By Tim Hardy
We need no promise of a happy ending to justify our rejection of a world we feel to be wrong.
John Holloway, Change the World Without Taking Power
One repeated and misguided criticism of the extraordinary Spanish Democracia Real Ya protests that have continued all week and of the solidarity demonstrations that are taking place in cities around the world is that they are not political. What this accusation boils down to is the fact that the demonstrations are not party political – but that is precisely the point.
Of course, our frivolous corporate media, more interested in the sexual antics of athletes than in analysis or in investigative journalism, is only too happy to relegate the story to a semi-racist footnote about exuberant young Latins. The good-natured, festive spirit of the demonstrators is used as further proof that their demands are not really serious. This fits into a narrative that is beloved of politicians, one in which they are the hard-headed realists and everyone else a starry-eyed idealist who needs to grow up.

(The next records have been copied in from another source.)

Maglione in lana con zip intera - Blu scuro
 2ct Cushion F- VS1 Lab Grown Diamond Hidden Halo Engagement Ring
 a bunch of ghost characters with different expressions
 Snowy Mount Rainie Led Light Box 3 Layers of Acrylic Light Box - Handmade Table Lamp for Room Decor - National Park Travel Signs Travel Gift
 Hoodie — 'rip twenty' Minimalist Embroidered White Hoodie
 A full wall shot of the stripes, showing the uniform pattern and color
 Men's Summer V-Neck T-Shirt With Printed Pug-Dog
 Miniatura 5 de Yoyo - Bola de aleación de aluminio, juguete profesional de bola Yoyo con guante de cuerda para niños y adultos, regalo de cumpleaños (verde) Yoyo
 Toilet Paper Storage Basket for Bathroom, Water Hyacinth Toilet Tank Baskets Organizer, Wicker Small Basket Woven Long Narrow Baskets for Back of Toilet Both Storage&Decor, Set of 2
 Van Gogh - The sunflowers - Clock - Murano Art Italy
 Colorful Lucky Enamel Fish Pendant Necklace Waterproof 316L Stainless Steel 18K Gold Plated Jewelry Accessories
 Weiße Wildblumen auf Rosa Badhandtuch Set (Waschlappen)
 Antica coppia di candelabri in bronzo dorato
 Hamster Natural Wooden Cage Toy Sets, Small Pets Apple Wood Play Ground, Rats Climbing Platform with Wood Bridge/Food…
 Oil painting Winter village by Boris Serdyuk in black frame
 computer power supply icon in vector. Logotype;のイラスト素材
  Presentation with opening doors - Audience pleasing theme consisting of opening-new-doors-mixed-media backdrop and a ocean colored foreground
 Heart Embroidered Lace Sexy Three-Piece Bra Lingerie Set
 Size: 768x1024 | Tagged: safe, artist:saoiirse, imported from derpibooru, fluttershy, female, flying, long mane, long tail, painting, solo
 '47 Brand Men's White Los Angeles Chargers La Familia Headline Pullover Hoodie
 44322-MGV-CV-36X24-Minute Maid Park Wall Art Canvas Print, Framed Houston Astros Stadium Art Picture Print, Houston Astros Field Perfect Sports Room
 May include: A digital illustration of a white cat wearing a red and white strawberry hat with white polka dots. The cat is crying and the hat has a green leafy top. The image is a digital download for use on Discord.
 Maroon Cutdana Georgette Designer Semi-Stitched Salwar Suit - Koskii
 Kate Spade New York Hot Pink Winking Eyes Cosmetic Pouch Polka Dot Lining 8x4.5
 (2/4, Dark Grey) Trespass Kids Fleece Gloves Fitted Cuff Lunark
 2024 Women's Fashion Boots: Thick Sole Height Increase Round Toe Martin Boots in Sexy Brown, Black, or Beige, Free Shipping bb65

A practical scheme, says Oscar Wilde, is either one already in existence, or a scheme that could be carried out under the existing conditions; but it is exactly the existing conditions that one objects to, and any scheme that could accept these conditions is wrong and foolish.
Emma Goldman, Anarchism: What it Really Stands For
We must be practical, we are told. We must be reasonable. Ideology disguises itself as common sense. This is capitalist realism: the limits that are placed upon the ways of living we might imagine.
But is this world we are forced to live in reasonable?
Is it reasonable that the UK’s young were seduced into voting for a party that promised to abolish tuition fees who then turned around and tripled them? Is it reasonable that our government is giving away billions of pounds in corporation tax cuts while pretending there is no money for education, for the disabled, for healthcare or pensions? Is it reasonable that rather than help the millions locked out of the housing market, the government refuses to increase protection for private tenants, is trying to raise the cost of social housing for tenants to meet market rates and is aiming to “level the playing field between investors and owner-occupiers” making it easier for parasitic speculators to drive up the price of housing now that ordinary people cannot continue to inflate the value of asset bubbles that might once have been considered homes?
Forget being reasonable. Reasonable isn’t getting us anywhere.
The demonstrators have had enough of a political system that fails to represent them, one that restricts their power to expressing a preference every few years for one identikit professional politician or another. This is a far more radical politics. This is a crisis of confidence in democracy under capitalism when the failure of the free-markets is being used as an excuse to extend their poisonous reach.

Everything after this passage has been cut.